Brazilian stage actor, director and playwright (1937–2023)

José Celso Martinez Corrêa (30 March 1937 – 6 July 2023), known as Zé Celso, was a Brazilian stage actor, director and playwright. He was one of the founders of Teatro Oficina, an innovative and politically active theater company associated with the 1960s Tropicalismo movement.

Zé Celso became notable in the scene with his adaptation of Oswald de Andrade's play O Rei da Vela (The Candle King), in 1967. He also co-wrote with Chico Buarque the 1968 play Roda Viva, which was targeted as pornographic and was censored during the military dictatorship. One of his final plays was Os Sertões, a trilogy adapting the book by Euclides da Cunha.

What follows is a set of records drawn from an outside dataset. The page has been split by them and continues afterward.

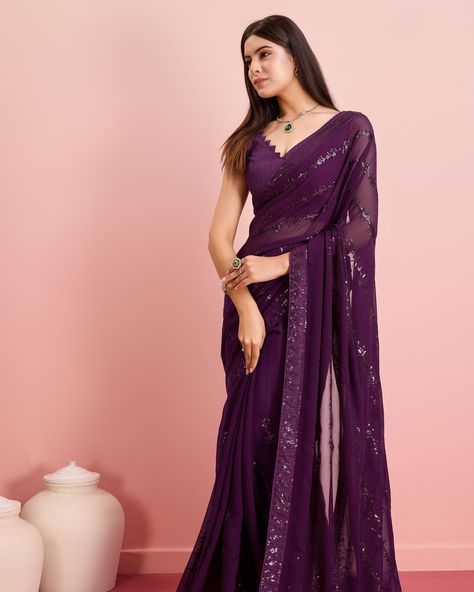 Purple Georgette Saree, Plain Georgette Saree, Dress Saree, Gown Party Wear, Fancy Sarees Party Wear, Saree Gown, Simple Sarees, Designer Kurti, Smart Dress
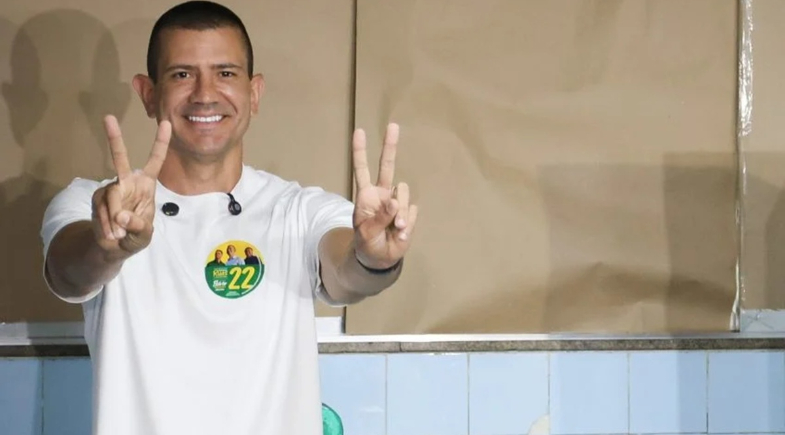 Na imagem, Douglas Ruas logo depois de votar em São Gonçalo, região metropolitana do Rio | Reprodução/Facebook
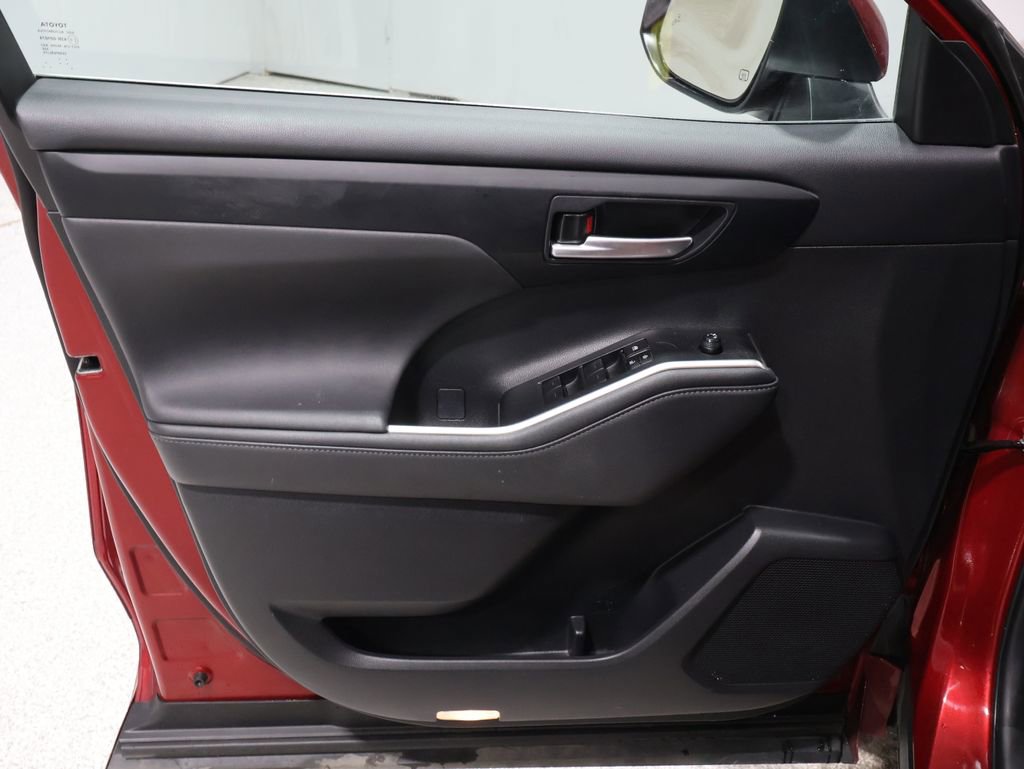 Used 2024 Toyota Highlander XLE image 13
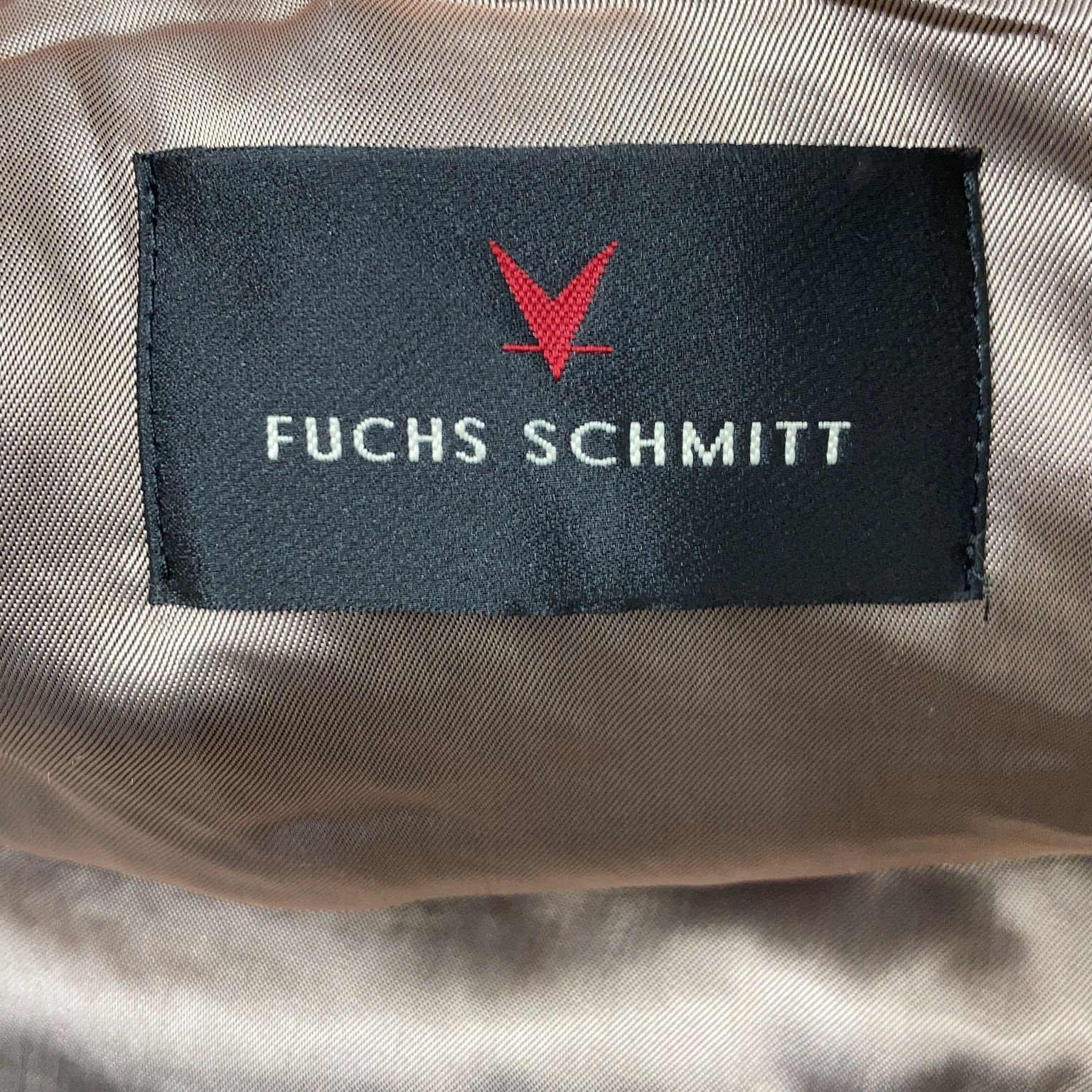 Fuchs Schmitt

== Personal life and death ==
Zé Celso was in a 40-year relationship with actor Marcelo Drummond. The couple married in June 2023, with a ceremony at Teatro Oficina.

Zé Celso died in São Paulo on 6 July 2023, at the age of 86. He was hospitalized at Hospital das Clínicas, after a fire broke out in his apartment in the Paraíso neighborhood. Zé Celso was 53% burned and was under mechanical ventilation; his husband Marcelo, two visitors, and the couple's dog, who were also in the apartment, did not sustain burns, but were under observation at the hospital.